Personal information
- Nickname: Nikkers
- Born: 20 January 1994 (age 32)
- Original team: South Adelaide (SANFLW)
- Draft: No. 46, 2019 AFL Women's draft
- Debut: Round 1, 2020, Adelaide vs. Brisbane, at Hickey Park
- Height: 170 cm (5 ft 7 in)
- Position: Defender

Playing career^{1}
- Years: Club / Games (Goals)
- 2020: Adelaide / 5 (0)
- ^{1} Playing statistics correct to the end of the 2020 season.

Career highlights
- SANFLW premiership player (South Adelaide): 2019; AdelFL Division 2 premiership player (Christies Beach): 2017; Christies Beach Best and Fairest: 2018;

= Nicole Campbell =

Australian rules footballer (born 1994)

Nicole Campbell (born 20 January 1994) is an Australian rules footballer who played for the Adelaide Football Club in the AFL Women's (AFLW).

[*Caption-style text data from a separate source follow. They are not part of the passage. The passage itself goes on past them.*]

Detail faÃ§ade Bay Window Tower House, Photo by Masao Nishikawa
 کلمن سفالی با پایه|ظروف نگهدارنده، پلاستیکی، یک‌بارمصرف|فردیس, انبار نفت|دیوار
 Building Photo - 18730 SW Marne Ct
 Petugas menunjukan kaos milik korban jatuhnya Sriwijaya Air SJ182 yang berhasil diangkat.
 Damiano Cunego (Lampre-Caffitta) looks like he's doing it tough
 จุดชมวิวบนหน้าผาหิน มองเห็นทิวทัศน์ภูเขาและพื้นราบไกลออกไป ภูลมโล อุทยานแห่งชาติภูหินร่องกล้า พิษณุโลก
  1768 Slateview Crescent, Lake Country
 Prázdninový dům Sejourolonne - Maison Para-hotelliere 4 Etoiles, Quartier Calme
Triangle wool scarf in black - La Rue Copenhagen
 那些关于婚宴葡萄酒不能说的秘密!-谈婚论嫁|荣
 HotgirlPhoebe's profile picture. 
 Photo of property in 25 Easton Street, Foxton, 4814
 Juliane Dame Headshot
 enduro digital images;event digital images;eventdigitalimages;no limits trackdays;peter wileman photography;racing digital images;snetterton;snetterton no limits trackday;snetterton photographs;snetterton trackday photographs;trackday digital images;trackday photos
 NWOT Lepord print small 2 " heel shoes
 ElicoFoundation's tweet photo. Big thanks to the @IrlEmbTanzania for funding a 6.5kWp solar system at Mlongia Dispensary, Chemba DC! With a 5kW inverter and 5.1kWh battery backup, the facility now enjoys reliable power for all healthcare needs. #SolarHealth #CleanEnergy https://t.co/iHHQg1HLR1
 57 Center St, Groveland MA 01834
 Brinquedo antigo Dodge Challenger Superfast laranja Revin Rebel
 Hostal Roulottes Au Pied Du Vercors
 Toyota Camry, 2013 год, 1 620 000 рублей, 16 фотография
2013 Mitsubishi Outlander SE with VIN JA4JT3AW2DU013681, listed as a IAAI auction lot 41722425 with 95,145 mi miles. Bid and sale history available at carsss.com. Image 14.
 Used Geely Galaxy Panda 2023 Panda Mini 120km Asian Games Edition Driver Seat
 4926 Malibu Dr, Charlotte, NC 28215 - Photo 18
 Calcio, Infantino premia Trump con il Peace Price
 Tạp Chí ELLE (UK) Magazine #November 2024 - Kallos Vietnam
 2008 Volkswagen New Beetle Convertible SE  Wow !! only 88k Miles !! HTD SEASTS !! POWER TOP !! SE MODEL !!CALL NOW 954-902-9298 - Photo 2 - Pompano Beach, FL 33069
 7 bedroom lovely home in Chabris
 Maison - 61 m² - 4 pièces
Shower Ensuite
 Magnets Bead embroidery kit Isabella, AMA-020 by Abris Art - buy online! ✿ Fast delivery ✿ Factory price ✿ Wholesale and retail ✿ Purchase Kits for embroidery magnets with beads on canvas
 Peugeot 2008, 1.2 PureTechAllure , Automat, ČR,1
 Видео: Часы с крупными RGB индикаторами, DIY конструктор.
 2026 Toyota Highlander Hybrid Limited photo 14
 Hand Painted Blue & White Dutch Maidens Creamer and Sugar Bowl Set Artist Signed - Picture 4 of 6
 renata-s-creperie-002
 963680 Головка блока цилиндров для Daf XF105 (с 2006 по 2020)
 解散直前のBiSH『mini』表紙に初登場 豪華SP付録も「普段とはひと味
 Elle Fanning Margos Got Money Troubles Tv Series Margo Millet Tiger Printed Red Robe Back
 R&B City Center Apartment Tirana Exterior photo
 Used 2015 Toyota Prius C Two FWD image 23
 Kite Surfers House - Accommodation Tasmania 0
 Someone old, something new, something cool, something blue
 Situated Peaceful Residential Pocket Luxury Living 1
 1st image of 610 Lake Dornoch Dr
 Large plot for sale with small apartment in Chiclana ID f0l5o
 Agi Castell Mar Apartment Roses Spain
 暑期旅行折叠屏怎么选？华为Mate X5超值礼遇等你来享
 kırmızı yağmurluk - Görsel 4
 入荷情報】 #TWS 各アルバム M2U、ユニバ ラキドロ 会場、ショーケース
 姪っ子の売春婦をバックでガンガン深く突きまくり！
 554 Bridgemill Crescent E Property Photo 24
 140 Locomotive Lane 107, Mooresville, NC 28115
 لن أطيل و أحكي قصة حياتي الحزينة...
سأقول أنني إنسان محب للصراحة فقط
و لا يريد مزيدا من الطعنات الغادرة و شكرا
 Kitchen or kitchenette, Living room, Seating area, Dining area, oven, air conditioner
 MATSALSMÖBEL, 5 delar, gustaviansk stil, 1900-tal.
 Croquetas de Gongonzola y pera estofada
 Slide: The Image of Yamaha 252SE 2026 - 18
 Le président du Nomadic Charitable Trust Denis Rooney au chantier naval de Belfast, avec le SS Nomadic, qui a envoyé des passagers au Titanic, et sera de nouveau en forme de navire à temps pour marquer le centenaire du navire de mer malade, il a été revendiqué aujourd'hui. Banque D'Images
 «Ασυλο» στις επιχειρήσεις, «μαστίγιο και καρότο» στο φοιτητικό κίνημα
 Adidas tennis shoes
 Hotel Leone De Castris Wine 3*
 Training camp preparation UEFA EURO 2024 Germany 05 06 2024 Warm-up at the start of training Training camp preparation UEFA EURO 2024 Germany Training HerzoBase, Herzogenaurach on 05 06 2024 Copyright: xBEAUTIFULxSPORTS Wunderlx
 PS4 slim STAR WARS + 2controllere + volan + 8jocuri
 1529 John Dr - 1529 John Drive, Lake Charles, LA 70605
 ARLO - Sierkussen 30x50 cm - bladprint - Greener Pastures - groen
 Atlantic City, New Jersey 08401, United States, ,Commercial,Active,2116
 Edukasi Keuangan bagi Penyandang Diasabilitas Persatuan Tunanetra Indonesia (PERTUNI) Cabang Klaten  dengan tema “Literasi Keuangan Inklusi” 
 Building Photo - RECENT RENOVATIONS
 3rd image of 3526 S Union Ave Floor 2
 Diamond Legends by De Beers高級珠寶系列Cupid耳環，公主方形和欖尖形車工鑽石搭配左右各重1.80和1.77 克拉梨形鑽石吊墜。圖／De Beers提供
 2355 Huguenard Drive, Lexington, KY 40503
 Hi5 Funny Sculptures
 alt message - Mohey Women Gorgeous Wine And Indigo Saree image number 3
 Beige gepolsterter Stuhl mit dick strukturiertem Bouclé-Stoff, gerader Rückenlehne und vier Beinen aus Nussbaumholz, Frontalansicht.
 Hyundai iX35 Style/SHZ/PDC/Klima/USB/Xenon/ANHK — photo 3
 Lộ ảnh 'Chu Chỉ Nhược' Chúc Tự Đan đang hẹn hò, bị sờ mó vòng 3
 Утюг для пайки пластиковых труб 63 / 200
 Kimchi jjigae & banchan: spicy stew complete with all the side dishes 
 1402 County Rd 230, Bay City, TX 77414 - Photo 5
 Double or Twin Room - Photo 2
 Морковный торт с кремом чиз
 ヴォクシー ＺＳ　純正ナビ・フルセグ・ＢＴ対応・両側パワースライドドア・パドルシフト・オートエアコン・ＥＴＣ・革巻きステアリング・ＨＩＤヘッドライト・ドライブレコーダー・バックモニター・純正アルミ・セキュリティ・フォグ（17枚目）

==Early life and state football==
Campbell was originally a soccer player and viewed American goalkeeper Hope Solo as her favourite sportsperson. She played soccer most of her life, even representing South Australia, before she lost her passion and switched to Australian rules football in 2017. She joined Christies Beach and won the 2017 AdelFL Division 2 premiership with them, as well as winning their 2018 best and fairest award. The coach of Christies Beach was also an assistant coach at Norwood and invited her to trial for the 2018 team. She joined Norwood and was part of the team to reach the 2018 SANFL Women's League (SANFLW) Grand Final, only to lose to South Adelaide. Following the match, she was praised for her defensive performance. In the off-season, Campbell joined South Adelaide. That season, she was part of the South Adelaide team that won the 2019 SANFLW premiership and was selected in the 2019 SANFLW Team of the Year, finishing in the top 10 for disposals and inside 50s. At the end of the season, Campbell represented Port Adelaide in the SANFLW Showdown.

==AFL Women's career==
Campbell was drafted by Adelaide with the club's third selection and the 46th overall in the 2019 AFL Women's draft. Campbell made her debut in the opening round of the 2020 season against Brisbane at Hickey Park. At the end of the season, Campbell was delisted by Adelaide.

==Personal life==
Campbell and her family are all supporters of Adelaide, even going to games as a baby. She works as a correctional officer at a men's prison in Adelaide.